Prove that the sequence $\cos(n\pi/3)$ does not converge

Question

EDIT: Using a rigorous formal proof, I need to prove that this sequence does not diverge. I of course understand why it doesn't converge...

$n=1$ to infinity of course.

So, I have a bit of trouble understanding the definition. Here's what I have so far:

I know it doesn't converge if there exists an $\varepsilon > 0$, where for ALL natural numbers $\mathbb{N}$, $|a_n - L| < \varepsilon$, for some $n\in\mathbb N$.

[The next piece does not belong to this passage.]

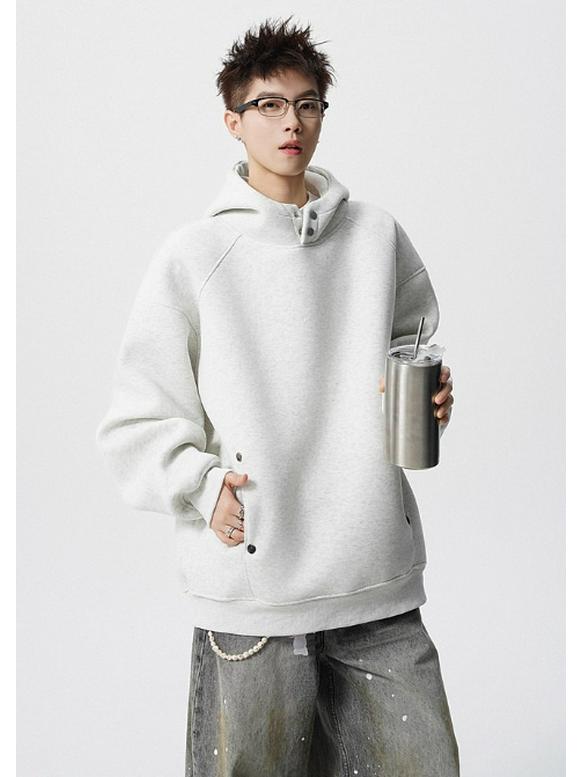 Модная Плюс Бархатная Тяжелая Унисекс Толстовка с Капюшоном на Пуговицах Ретро Пуловер Толстовка Куртка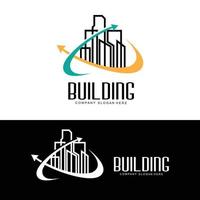 logotipo de diseño de viviendas, logotipo de construcción, propiedad e icono de la empresa constructora vector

So I can make $\varepsilon > 1/2$, but then I'm not sure what to do. I know I need to prove this by way of contradiction using 2 cases, one where I evaluate $L$ as both greater than and equal the other where it's less than zero.

Answer 1

We give a formal "$\epsilon$-$N$" proof. Note that it is more clumsy and tedious than the other answers that, instead of going back to the definition, use properties of convergent sequences.

Note that if $n$ is $3$ times an even number $2k$, then $\cos(\pi n/3)=\cos(2k\pi)=1$.

Note also that if $n$ is $3$ times an odd number $2k+1$, then $\cos(\pi n/3)=\cos((2k+1)\pi)=-1$.

Suppose that our limit exists and is equal to $a$. Let $\epsilon=1/10$. We show that there is no $N$ such that if $n\gt N$ then $|\cos(\pi n/3)-a|\lt \epsilon$

Suppose to the contrary that there is such an $N$. There is an $n\gt N$ of the form $(3)(2k)$. From this we conclude that $|1-a|\lt \epsilon$.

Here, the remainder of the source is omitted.